Somewhat Random Idea: Deref patterns

Currently there is no way to match a type through a deref boundery, without introducing nested matches. The one exception is Box with feature(box_patterns), which I am not a fan of, because it makes Box inherently magic, similar to box_syntax.

I'm wondering if a feature could be supported to "transparently" derefence and match through the boundery in patterns? This would be much more general then box_patterns, and not make Box inherently magic as a result.

An example:

let v = "x".to_string();
match v{
   *"x" => println!("x"),
   _ => println!("Not x")
}

(The syntax is not necessarily final) (Yes, I know the above example is trivial. This less trivial examples would include when the Deref type is nested within a structure or variant)

Open Questions:

  • In which cases should we use DerefMut, or (the unstable) DerefMove, rather than simple Deref.
  • Does anyone have a nicer syntax we could use? To be honest, the syntax I showed above looks like it's dereferencing the string.
  • Would a different trait be required, one that promises structural stability of the pointee accross a Deref{,Mut,Move}?
1 Like

I would very much like a solution to this problem.
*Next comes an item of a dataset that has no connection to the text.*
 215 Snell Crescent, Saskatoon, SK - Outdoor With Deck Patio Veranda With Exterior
I don't have a strong preference for any particular syntax.

Some past discussions:

  • RFC 462 proposed adding a deref keyword, by analogy with the ref keyword.
  • RFC issue 2099 proposed generalizing & patterns to work on any Deref type.
  • RFC 809 proposed generalizing the box keyword to work with types other than Box<T>. (See also this forum thread.)
9 Likes

Is there an example that motivates why any keyword/sigil (* / deref / & / box) is necessary for this?
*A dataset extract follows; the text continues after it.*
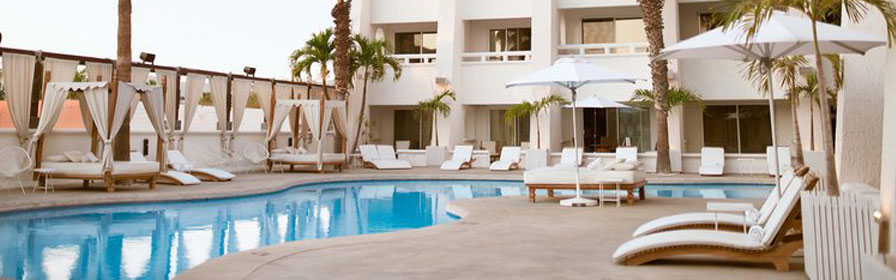 Piscine au Bahia Hotel Beach House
Why is it not as simple as:

match /*String*/ {
    "x" => ...
    _ => ...
}

match /*Option<String>*/ {
    Some("x") => ...
    _ => ...
}

match /*Option<Box<Option<Box<String>>>>*/ {
    Some(Some("x")) => ...
    Some(Some(other)) => ... // other: Box<String>
    Some(None) => ...
    None => ...
}

I'd always figured this was where "match ergonomics" was going (generalizing from & / &mut to any Deref implementing type).

12 Likes

I'm personally a big fan of default binding modes, but I think it's also useful that match patterns aren't running user code. The big question is the interaction between or patterns and custom deref impls.

I believe the last time we discussed this someone suggested that it might be useful to treat this similarly to potential field access through traits.

Specifically, the "DerefPure" used to match against patterns wouldn't be allowed to run custom user callbacks. (Use an if let guard to add a sequence point for the side effect.) Instead, it would just be allowed essentially field accesses and reference/pointer derefs through some kind of "field path" system.

I wish I had a link to it, because I remember it being a lot more convincing than what I just fumbled through trying to remember it :upside_down_face:

On the other hand, Deref is already expected to be a "semipure" and "cheap" operation, since it's automatic in deref coercion already, so adding auto(de)ref to pattern matching contexts isn't that far of a departure from the status quo of Deref.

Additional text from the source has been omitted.